But when it comes to the e-scooter industry, Warncke said the city is asking new questions.
“Are we going to limit the number of providers? Are we going to limit the quantity of scooters? Are we going to limit them to certain areas?” she said.
Warncke said there is no timeline for when staff take the report to council.
E-scooters, like ride-hailing services, have recently become a notably new-age way to travel around urban areas. They already operate in the areas like Seattle, Portland, San Francisco, Austin, Texas, and New York.
Customers are charged based on how long they use the scooter. Riders find and pay for scooters via an app. When they are done, they can leave them wherever — hence why the scooters are considered “dockless.”
The scooters are later retrieved by gig workers who are paid for every scooter they retrieve, charge and place back into the city.
When the scooters first came on the scene, they grabbed headlines for people throwing them into trees, leaving them strewn across sidewalks and more.
Mayor Chuck Bennett echoed Warncke’s questions of how the city can regulate scooters, and added that city officials want to ensure that e-scooters, should they arrive, don’t wreak havoc.
“There’s been enough reports on them in the national news and out of Portland that have indicated a whole range of issues, around their safety, around whether they get junked,” Bennett said. “How are they managed and kept track of?”

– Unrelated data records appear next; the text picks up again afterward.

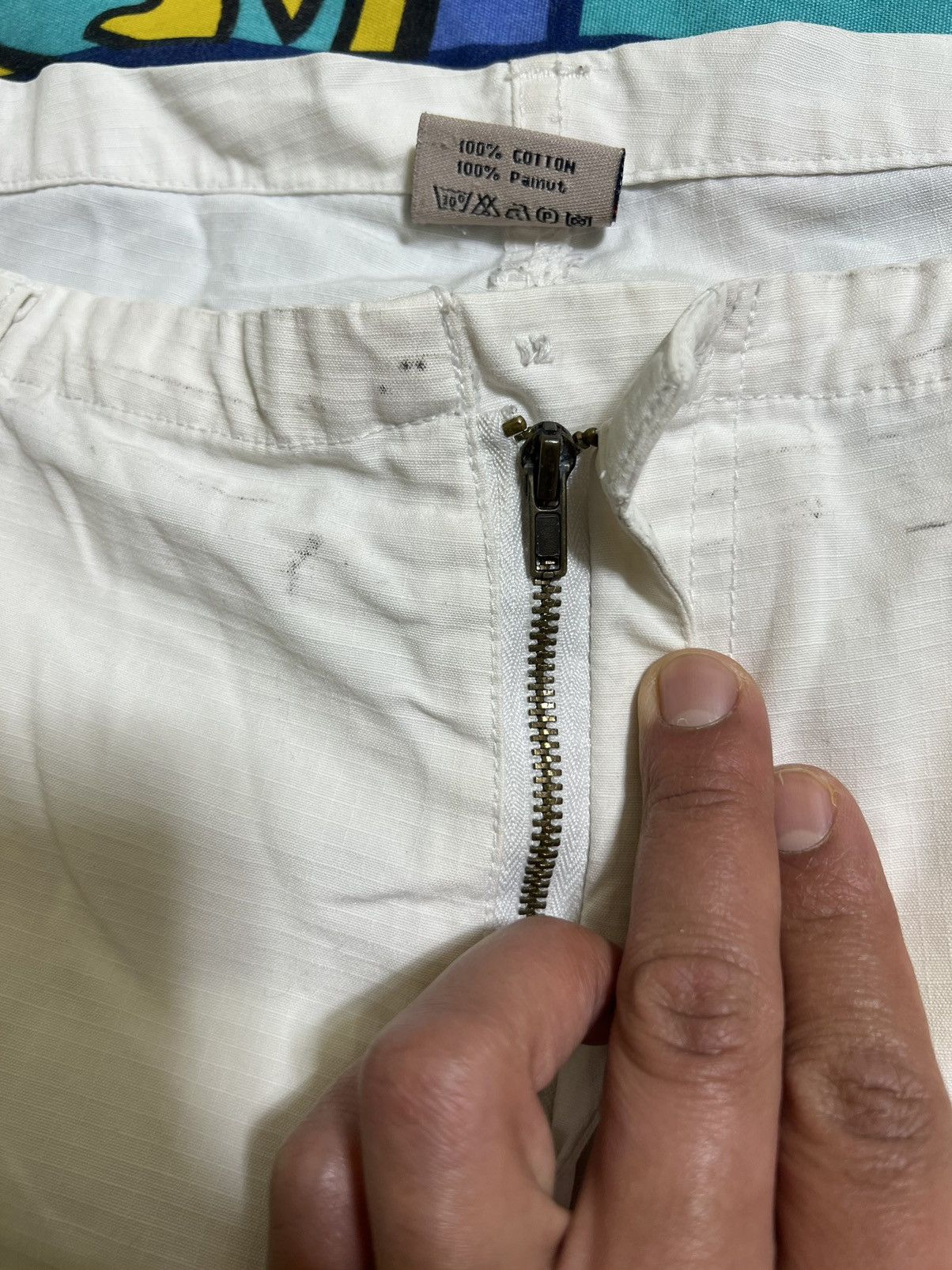 Vintage ***FINAL DROP***RARE 90s RIPSTOP TECHNICAL CARGO SHORT 36-38 Size US 38 / EU 54 - 12 Thumbnail
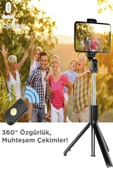 Torima Uzaktan Kumandalı K07 Mini Kablosuz Selfie Çubuğu - 6
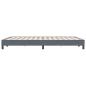 Preview: ARDEBO.de - Bettgestell ohne Matratze Dunkelgrau 140x220 cm Samt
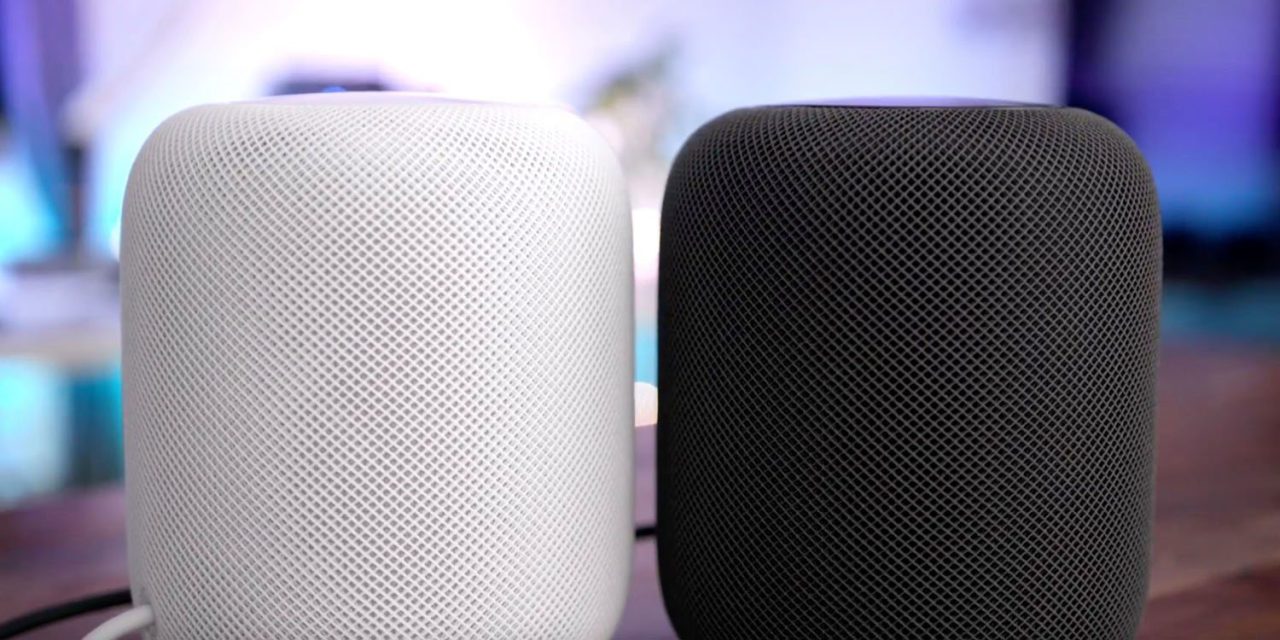 stereo-paired HomePods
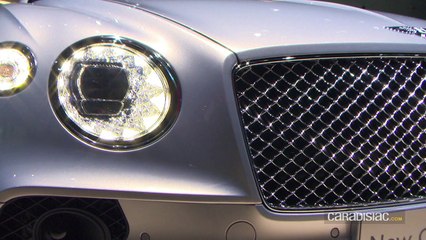 Скачать видео: Bentley Continental GT - Salon de Francfort 2017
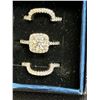 Image 1 : LOT OF 3 MATCHING FIT TOGETHER  RINGS, MOISSANITE, SIZE: 5,5-6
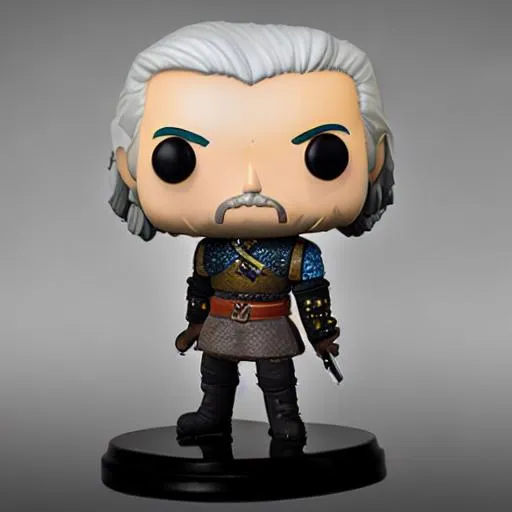 Funko pop Witcher figurine, made of plastic, product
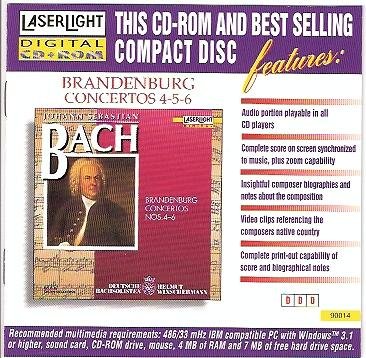 J.S. Bach/Brandenburg Ct 4-6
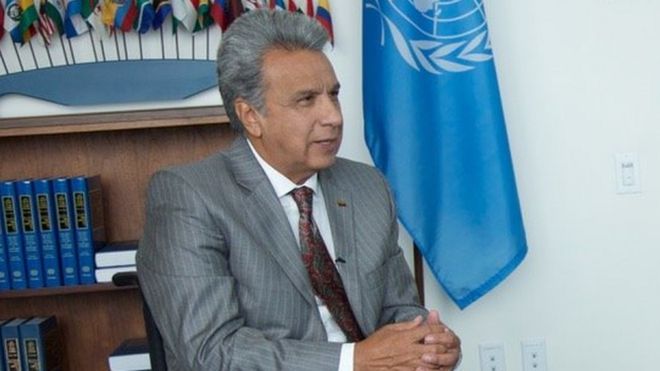 Presidente de Ecuador, Lenín Moreno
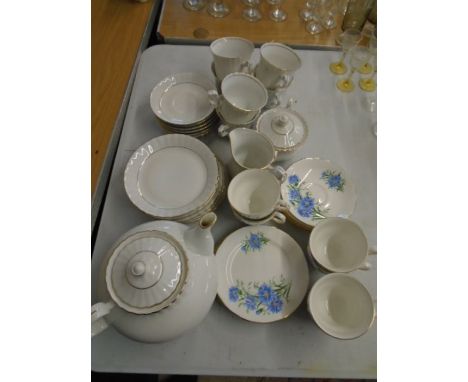 Chodziez tea service for 6 plus Queen Anne part tea service for 6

If the city does allow e-scooters to launch, Warncke said city staff will recommend structuring the launch to allow them a chance to address any unexpected issues that arise.
“We’d probably want to revisit whatever regulatory structure to ensure that it’s working, and if it needed tweaks,” Warncke said.
That would be similar to Portland, which initially gave e-scooters the green light for one 120-day pilot program. In that span, Portlanders rode the scooters more than 700,000 times, according to the Portland Bureau of Transportation.
Portland launched a second pilot program in April to last a full year. Dylan Rivera, a spokesman for the transportation agency, said the second program came with harsher penalties for riders to curb illegal sidewalk riding and illegal parking. The city delivered about 340 warnings or fines in the first three months, Rivera said.
Portlanders ride Lime e-scooters during an event teaching how to safely use the devices in September 2018. (Courtesy/Portland Bureau of Transportation)
Rivera said it’s unclear what will happen when the second pilot program ends.
“We’ve not determined if we’re going to create an ordinance to make shared e-scooter service permanent,” he said.
But Rivera said the city wanted to embrace e-scooters – like ride-hailing services -- for the potential to cut down on traffic accidents, tailpipe pollution and gridlock.
“Five, six years ago, no one would have believed you could hail a car ride with your phone, and now on an average day we have more than 30,000 rides being hailed with Uber, Lyft, and taxis. That’s more than four times the number of taxi rides that were taken about five years ago,” he said.
“We think it’s worth exploring if shared e-scooters can help us meet the same goals we’ve always had,” he said.
If they arrive, e-scooters would join Ride Salem as the only shared mode of transport in Salem. The bike-sharing program launched in June.
Evan Osborne, who helped spearhead the bike sharing program, said he and the nonprofit backing Ride Salem hope to bring e-scooters to Salem too.
“We are openly declaring that we’ll be in the e-scooter sector when Salem opens for e-scooter programs,” he said.
Osborne said the nonprofit is already in talks with a vendor, but he declined to say who. The bike share program is run in conjunction with Zagster, a Massachusetts firm that also has an e-scooter division.
Lime, one of the country’s most prominent e-scooter vendors, has also made its interest in the Salem market known to city officials.
“We’ve offered to the city that Salem would be a meaningful market for scooters, help take cars off the road and help connect people to transit,” said Jonathan Hopkins, a spokesman.